= Zillo =

German alternative music magazine

Zillo (or Zillostrierte) was a German alternative music magazine, published monthly, originally edited by Rainer "Easy" Ettler. It was in circulation between 1989 and 2014. The headquarters of Zillo were in Lübeck.

==History==
The magazine was founded in 1989 under the name Zillostrierte, and three issues were published in A5 format.

The format was changed to the double-size A4 format, and the name was shortened to Zillo in January 1990 after a four-month break in publication, and the magazine managed to gain circulation of about 50,000 readers. Despite a positive response and an increasing number of readers, the magazine was generating a monthly loss of 10,000 Deutsche Marks. At the end of 1990 the debt was over 100,000. To avoid bankruptcy, it was decided to increase the retail price. By 1992, circulation had increased to 70,000, and the magazine had become the mouthpiece of indie and goth culture as well as the Neue Deutsche Welle ("new German wave") movement, financed by its classifieds.

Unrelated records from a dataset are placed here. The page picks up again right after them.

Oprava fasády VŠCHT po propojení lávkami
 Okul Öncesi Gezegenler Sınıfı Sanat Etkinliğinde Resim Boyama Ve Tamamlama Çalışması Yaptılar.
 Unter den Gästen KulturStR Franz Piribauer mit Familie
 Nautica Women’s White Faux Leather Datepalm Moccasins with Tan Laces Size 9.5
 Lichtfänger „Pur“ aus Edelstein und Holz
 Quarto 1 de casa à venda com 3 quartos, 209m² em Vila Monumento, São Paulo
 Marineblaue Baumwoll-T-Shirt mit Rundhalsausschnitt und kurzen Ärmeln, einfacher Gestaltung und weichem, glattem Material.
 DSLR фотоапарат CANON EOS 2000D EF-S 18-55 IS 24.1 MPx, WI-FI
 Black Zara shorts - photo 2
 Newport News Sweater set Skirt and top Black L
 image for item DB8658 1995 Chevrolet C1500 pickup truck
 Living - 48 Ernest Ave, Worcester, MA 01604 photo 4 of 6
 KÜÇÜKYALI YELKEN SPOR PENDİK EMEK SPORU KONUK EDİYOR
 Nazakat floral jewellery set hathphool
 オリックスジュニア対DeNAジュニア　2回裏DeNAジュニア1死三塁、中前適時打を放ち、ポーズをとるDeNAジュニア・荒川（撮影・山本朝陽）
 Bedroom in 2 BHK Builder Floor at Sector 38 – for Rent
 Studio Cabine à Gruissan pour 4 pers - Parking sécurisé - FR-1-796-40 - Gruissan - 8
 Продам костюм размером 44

In January 2014, a fire destroyed the entire editorial office, the logistics department and storage rooms of Zillo. The editorial staff announced on their website that the planned production of the February and March issues could not be realised. Later it was announced that the next issue would be released in 2015, but no new issues have been published since.

==Contents==
===Music===
Zillo regularly included a sampler CD which contained both well-known acts and new, lesser-known bands. They regularly released compilation CDs since 1991. The compilation Zillo Dark Summer - Best Of Goth Open Airs 2000 was on the German Alternative Charts in 2000 for 8 weeks, peaking at number 1. The Zillo Festival 2001 compilation also charted on the DAC.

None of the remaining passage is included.